Nine years ago there were many, many things I could never have imagined.
I could never have imagined the road that I was about to go down and at the same time, I KNOW I am supposed to be on this road and that it is a GOOD one although filled with sadness and fear at times.
This has always been one of my favorite poems. Even as a kid I loved it. Now I know why...

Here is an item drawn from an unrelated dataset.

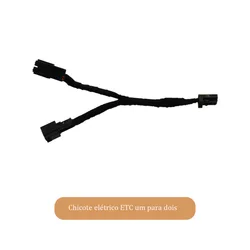 ETC one-to-two Expansion Wiring Harness for BYD Seagull Dolphin Exclusive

The Road Not Taken by Robert Frost
TWO roads diverged in a yellow wood,
And sorry I could not travel both
And be one traveler, long I stood
And looked down one as far as I could
To where it bent in the undergrowth;
Then took the other, as just as fair,
And having perhaps the better claim,
Because it was grassy and wanted wear;
Though as for that the passing there
Had worn them really about the same,
And both that morning equally lay
In leaves no step had trodden black.
Oh, I kept the first for another day!
Yet knowing how way leads on to way,
I doubted if I should ever come back.
I shall be telling this with a sigh
Somewhere ages and ages hence:
Two roads diverged in a wood, and I—
I took the one less traveled by,
And that has made all the difference.